As shown here; I had a bootable copy of Win7 on the drive and when I tried to remove it the format completed then the drive just became inaccessible.. Windows only detects it once in every 5 plug ins and even then it says I need to format the drive, which won't complete. I've tried google which pretty much said create a new simple volume and format that but all option associated with creating volumes are greyed out.
By the way, what was your make of your USB flash drive. I had one I got that didn't last a month as well. It was a Kingston. I open it up, and OH MAN to chhhheeeaaaaaaaaaaaaap. The board looked like dollar shop PCB from toys. And they glued that things to the max. Glue everywhere. They even used 2 type of glue, and you can could see that the glue was so hot when they put it, that it soldered a component. When i opened it up, I small chip came out with the glue. And it was a fairly expensive USB 3.0 drive too.. I mean for a USB drive. I got a Corsair Voyager GT now USB 3.0, and I did open it up, to see (was really easy too), and man high quality all the way, even has thermal pad to help spread the heat of the chips. Not CPU high glass thermal pads, but at least it's something.

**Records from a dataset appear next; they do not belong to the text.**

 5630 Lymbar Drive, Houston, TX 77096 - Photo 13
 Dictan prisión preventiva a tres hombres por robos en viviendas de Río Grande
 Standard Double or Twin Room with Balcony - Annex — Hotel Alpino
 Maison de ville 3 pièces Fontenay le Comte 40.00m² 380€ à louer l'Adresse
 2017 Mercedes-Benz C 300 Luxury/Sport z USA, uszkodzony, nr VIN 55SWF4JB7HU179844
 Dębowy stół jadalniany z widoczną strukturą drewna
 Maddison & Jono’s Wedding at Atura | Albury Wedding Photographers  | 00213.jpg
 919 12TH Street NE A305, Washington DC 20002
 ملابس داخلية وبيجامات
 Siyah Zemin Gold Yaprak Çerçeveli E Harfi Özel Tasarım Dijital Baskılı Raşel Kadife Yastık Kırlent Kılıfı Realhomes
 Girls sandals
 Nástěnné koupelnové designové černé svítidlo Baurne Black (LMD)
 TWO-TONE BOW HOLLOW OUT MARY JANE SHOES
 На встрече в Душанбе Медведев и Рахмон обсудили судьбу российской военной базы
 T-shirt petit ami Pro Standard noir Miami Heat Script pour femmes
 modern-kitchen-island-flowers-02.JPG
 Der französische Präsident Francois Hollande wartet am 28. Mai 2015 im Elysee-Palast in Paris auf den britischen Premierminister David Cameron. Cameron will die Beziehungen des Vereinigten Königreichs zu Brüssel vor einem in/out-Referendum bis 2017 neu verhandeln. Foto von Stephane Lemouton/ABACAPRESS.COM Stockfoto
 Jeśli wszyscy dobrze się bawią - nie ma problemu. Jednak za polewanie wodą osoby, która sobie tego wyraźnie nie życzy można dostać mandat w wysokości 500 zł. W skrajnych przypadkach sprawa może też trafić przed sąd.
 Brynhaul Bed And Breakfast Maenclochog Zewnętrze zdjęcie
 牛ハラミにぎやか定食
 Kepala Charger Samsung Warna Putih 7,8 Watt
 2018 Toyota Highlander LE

It was a Kingston DT Rubber USB 3 Drive. I'm noticing a connection... I think I'll buy a different brand next time and thank some higher powers that I hadn't transferred all my college coursework onto it yet. UPDATE: I peeled all the rubber off rather carefully and got a little curious so I plugged it in, the drive formatted o.o Update 2: I replugged and the same old story happened, god damn false hope -.-
Ha! That's exactly the one I had: My voyager GT: You can't see the thermal pad used as it's the sticky kind, and I don't want to break a perfectly working USB flash drive. But you can see no 60 tone of glue, like if USB flash drive is a top secret thing, and Kingston can't let anyone know how it works.